The blason is as follows:
"Gules, the demi-figure of Saint George affronty in full armour with a halo and in his dexter hand a lance argent piercing the throat of a dragon winged and breathing flames of the first horned and armed of the second issuant from the base of the escutcheon."

== Culture and sights ==
=== Carnival Race ===
The so-called "Faschingsrennen" race takes place in the two-year cycle on Rosenmontag, which in many places of the district is part of the custom. There are several groups in the entire municipality. At the dawn of the morning, the train, accompanied by drummers, breaks open. At the top is the "Wegauskehrer", which is to symbolize the railway. Only the strongest men can take this role, because everyone can get in his way. If the player is defeated in battle, the carnival race is over. Then there are different characters, such as the "hay rattling" (hen's rifle) in the spring gallows, which steals and sells chickens and eggs on the farms. The "Schellfaschinge" wear short leather pants with white long underpants underneath, a white shirt and a wreath (bell) around the waist and a colorful pointed cap on the head. They run in front of each house a "Kranzl" (in a circle). They, the so-called "fair", are followed by the group of "Vetteln", that is, figures offering or begging their services for money: physician, scissors grinder, cheap Jakob (peddler), Rosshändler with horse, bridal couple, unmarried mother with child and beggars.
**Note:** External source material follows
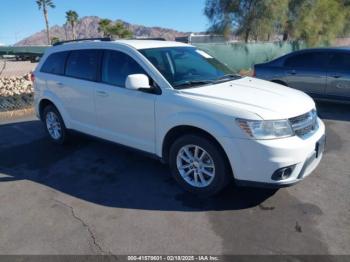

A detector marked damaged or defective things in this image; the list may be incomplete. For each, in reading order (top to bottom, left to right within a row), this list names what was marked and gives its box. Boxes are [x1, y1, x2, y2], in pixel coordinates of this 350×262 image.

cracked asphalt [0, 101, 348, 255]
After a long and strenuous day, there is the meeting of the groups in the village. Evenings are celebrated at the "Schinderhochzeit" (masked ball).

The implementing organizations are the volunteer fire brigade and the music association of the town, which also benefits the revenues. The carnival race counts for Intangible Cultural Heritage of UNESCO.